What a wonderful artical. I pray that America, espcially African-American will come to see the truth concerning abortion, partcial birth-abortion and the adoption of children by homosexual as a truth concerning the family (Eph. 5: 16).

It is time for Christians to expose sin for what it is, darkness.

Love,

Bro. Bob Conard

Wayne Besen said...

The only sin is coming from fake Christians like you who are hiding behind religion to justify your bigotry and discrimination. Shame on you for using a book - the Bible - that was used to justify slavery and a ban on interracial marriage. Here is what a real Christian would say:


The Riverside Church in the City of New York stands in solidarity with our sisters and brothers throughout the United States who suffer from social and legal discrimination based upon their sexual identity. Our congregation is energized in its resolve to speak boldly on behalf of God's love and justice for all couples who wish to live in covenant love with one another and share their lives. The recent California vote for Proposition 8 that passed with 52% of the ballots defines marriage as "only between one man and one woman." The Riverside Church reaffirms its commitment as stated in The Riverside Church Statement in Support of Same-Gender Civil Marriage:

Recent circumstances leading to calls for a Constitutional amendment to define marriage to exist solely between a man and a woman, and ultimately ban any legal recognition of same-sex unions, compels The Riverside Church of New York City to raise its voice in unity with those who cherish the principles of freedom, equality, and fairness for all. In so doing, we stand firm in our call for a more just and humane society-one where basic civil rights, and the right to simply be, are never denied to any citizen of this land .

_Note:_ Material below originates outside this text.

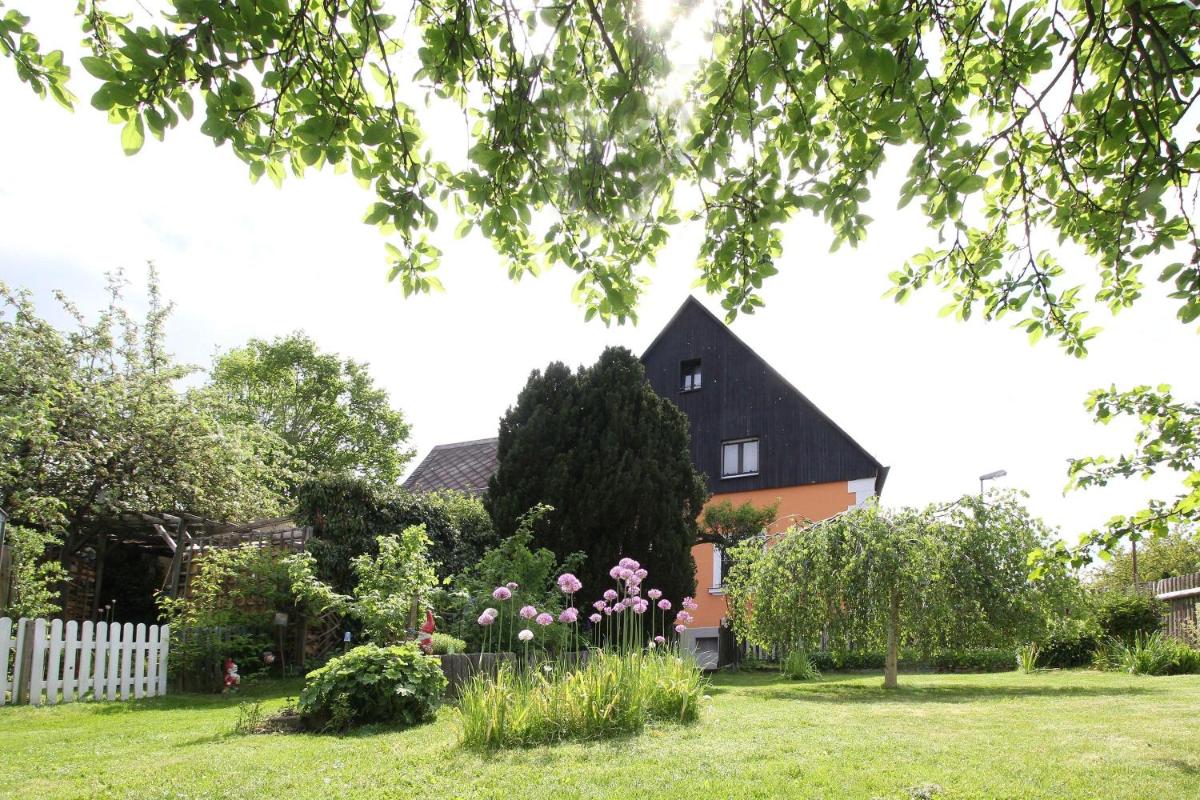 Ferienwohnung-Waldstrasse-mit-Garten-nur-50-Meter-vom-Wald-entfernt - Housity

We now continue in this tradition of progressive activism by reaffirming our commitment to pursue an open and candid conversation to forge greater understanding of such issues as family values, sexual identity, and biblical interpretations of human relations. Further, in an attempt to embrace all committed-relationships, the Church will take the bold action of no longer distinguishing between same-sex unions and (heterosexual) marriages. All ceremonies among two committed, loving adults at The Riverside Church will be recognized as marriages . . .

We further commit our resolve to support efforts leading to the development of social policies and laws that enable same-gender loving couple's access to the privileges, legal protections, and benefits of civil marriage.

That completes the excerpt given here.